Cloud computing—once a cutting-edge trend among high-tech startups—is transforming the way corporations nationwide are doing business. Virtually every company has data in the cloud, whether it knows it or not. And the trend isn’t limited to startups. Cisco Systems Inc., Dell Inc., and Motorola Solutions Inc. are just a few of the Fortune 500 that are increasing their use of cloud-based applications. 

Cloud computing applications save companies money by using computer resources more efficiently. These applications also enable employees to work remotely and collaborate on files with colleagues with ease. But despite the enormous promise of cloud computing, the technologies are creating a host of headaches for IT and legal departments, which are grappling for the first time with conducting discovery in this new space.

Search and Collection

The paradigm in the legal services world is that the party conducting the discovery controls the data. For instance, a corporate litigant in a dispute with a competitor might collect data from its own servers, its employees’ hard drives and paper files. That data can then be transferred into a searchable database through which responsive documents can be identified. But with corporations and employees increasingly storing data in the cloud, companies no longer have that degree of control over the data they generate. 

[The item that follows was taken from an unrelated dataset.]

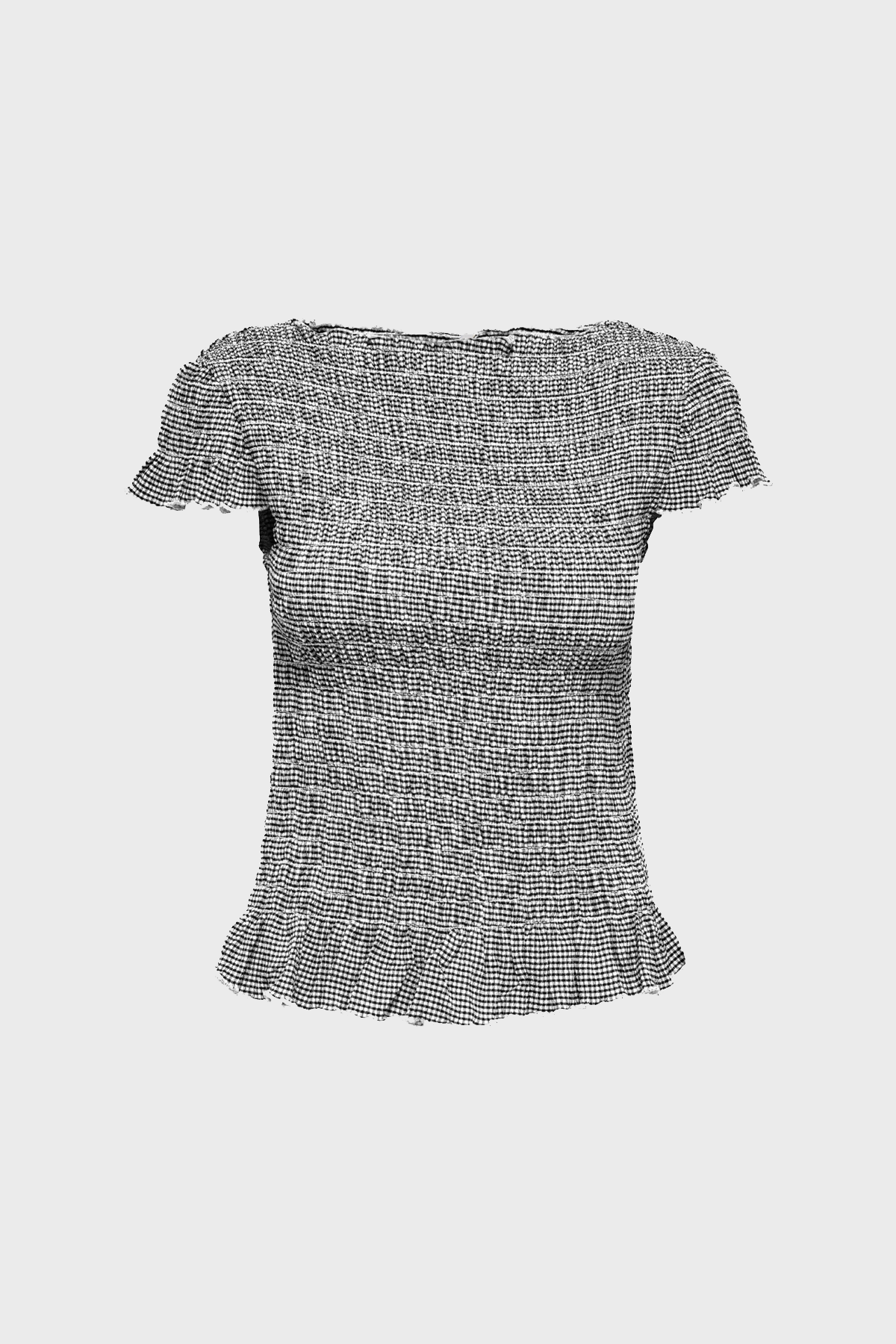 Women's Only Celle Boatneck Top in Black Checks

The first challenge is figuring out how to collect the data from these remote sources. Many cloud technology providers never created mechanisms for users to retain or export the data that they create. For instance, some popular web-based spam filters lack ways for customers to change their retention schedule or delete data. Likewise, some networking sites don’t permit users to export data from their accounts to local machines.

That immediately raises a second thorny issue—how to search the data that cannot be exported within the providers’ systems. Keyword searching is the most common way to collect and cull data in discovery. Typically, the parties agree on a set of search terms and produce data that contains those terms. Many cloud-based systems do not support the sophisticated Boolean searches that are commonplace in discovery. Some may not distinguish an “and” operator from an “or,” and other systems cannot process searches that seek certain search terms in a given proximity from one another. Moreover, many web-based applications may not search deep enough within the data for litigation purposes. For instance, the search may only review the bodies of emails and not data contained in email attachments.

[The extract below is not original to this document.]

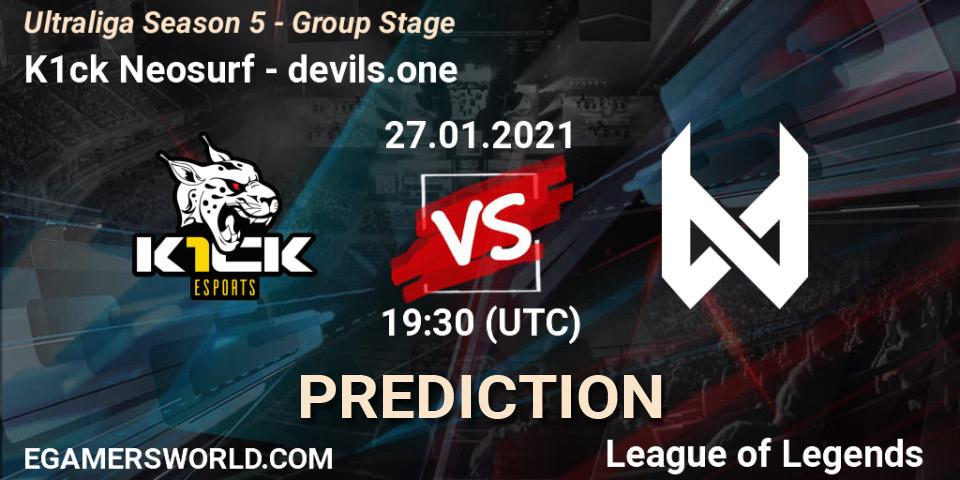 K1ck Neosurf vs devils.one: Betting TIp, Match Prediction. 27.01.2021 at 19:30. LoL, Ultraliga Season 5 - Group Stage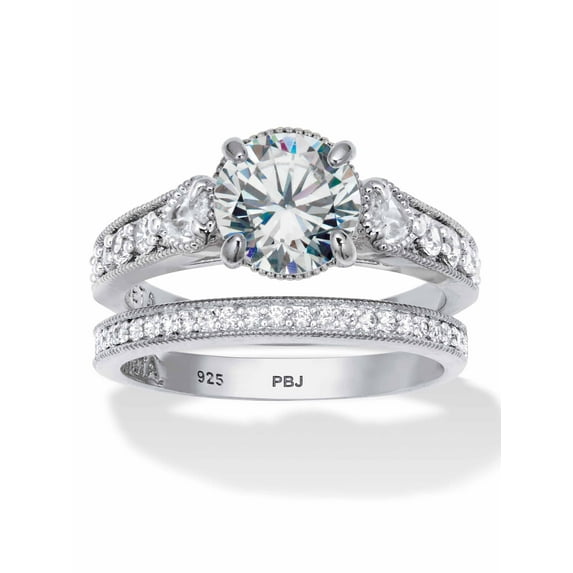 PalmBeach Jewelry 2.82 TCW Round Cubic Zirconia Platinum-Plated or Yellow Gold-plated Sterling Silver Bridal Ring Set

The first and most important line of defense against these risks is to involve legal professionals in the process of selecting cloud-based providers. Businesspeople and IT professionals consider the cost, functionality and security of the service. Legal can have the foresight to consider the company’s needs should litigation arise, thus easing some of these discovery concerns before they become potential minefields for spoliation claims. Even providers that do not have sufficiently robust search capabilities internally can be workable from a litigation standpoint if they provide an efficient mechanism to get around those limitations by exporting the data. Raising those concerns before a company begins using a new provider can avoid issues down the line.

Social Media

The increased mingling of workers’ personal data with corporate data adds another layer of complexity to the discovery process. Social media has become an important source of data that can be relevant in many types of litigation. For instance, in a noncompete case in which an employer alleges that an ex-employee uses LinkedIn to wrongfully solicit its customers and employees before leaving the company, those individuals’ interactions on social media sites may be discoverable.

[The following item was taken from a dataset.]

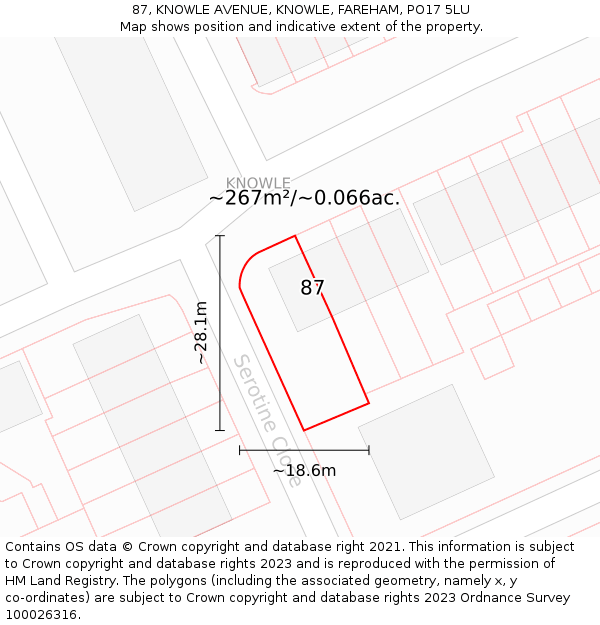 87, KNOWLE AVENUE, KNOWLE, FAREHAM, PO17 5LU: Plot and title map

Collecting this data can be problematic because social media sites are designed for access by the end user—i.e. the individual Facebook or Twitter subscriber—and not by an organization such as the user’s employer. Managing this problem takes proactive planning. Make sure you can access this data if the need arises. Have employees agree in writing in advance that they will cooperate with allowing the company to preserve and collect data from their social media and personal email accounts when necessary. While such a policy would not prevent a rogue employee from deleting data that he doesn’t want his bosses to see, it at least gives the employer a colorable defense to claims that the data destruction was deliberate or willful, which can be key to avoiding sanctions.

Cost Control

There is a tendency for civil litigants to make their document requests overly broad when dealing with electronic data based on the erroneous assumption that because the data is stored digitally, it should be easy to obtain, review and produce. In reality, when collecting files from multiple sources of data stored in the cloud, e-discovery can rapidly become a hugely burdensome undertaking, even in a case in which the claims are narrow and the potential damages are small.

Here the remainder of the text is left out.